Dubbed the Cerebras Wafer Scale Engine (it sounds like the sort of thing which will eventually decimate humanity), it comes packing an astonishing 1.2 trillion transistors on a single chip. It’s different from other giant chips in that it is a single chip interconnected on one giant 46,225mm² wafer.
To help put its size into context, this is some 56 times larger than Nvidia’s largest chip, the Nvidia Tesla V100. Nvidia’s top-end GPU has 21.1 billion transistors and is 815mm². The Cerebras Wafer Scale Engine has 400,000 AI optimised cores, 18GB on-board memory, and is capable of 9PB/s memory bandwidth, which is bordering on insanity. That’s, er, 10,000 times the memory bandwidth of the Tesla V100.
It’s a record-breaker all right, although hardly on the cutting edge of processes in terms of its use of TSMC 16nm fabrication. That’s by the by though, as there are some immense technical challenges in terms of reliably manufacturing a chip of such vast size. Not least of which is yield issues, which requires a matured process in order to minimise defects.
“Designed from the ground up for AI work, the Cerebras WSE contains fundamental innovations that advance the state-of-the-art by solving decades-old technical challenges that limited chip size — such as cross-reticle connectivity, yield, power delivery, and packaging,” said Andrew Feldman, head of the team at Cerebras. He also claims the Wafer Scale Engine can deliver “hundreds or thousands of times the performance of existing solutions at a tiny fraction of the power draw and space.”
This is huge news in the AI industry although obviously nothing much more than a curio for gamers. The Cerebras Wafer Scale Engine is so far outside the realms of possibility for gaming it’s absurd, but for AI engineers such a mammoth chip could dramatically reduce the length of time it takes to train AI.
“Cerebras has made a tremendous leap forward with its wafer-scale technology, implementing far more processing performance on a single piece of silicon than anyone thought possible,” said Linley Gwennap, principal analyst at the Linley Group.

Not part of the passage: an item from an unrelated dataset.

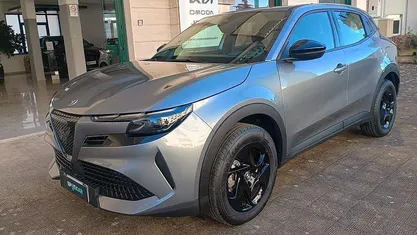 Usata Alfa Romeo Junior 145 CV (106 kW) 2025 SUV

“To accomplish this feat, the company has solved a set of vicious engineering challenges that have stymied the industry for decades, including implementing high-speed die-to-die communication, working around manufacturing defects, packaging such a large chip, and providing high-density power and cooling. By bringing together top engineers in a variety of disciplines, Cerebras created new technologies and delivered a product in just a few years, an impressive achievement.”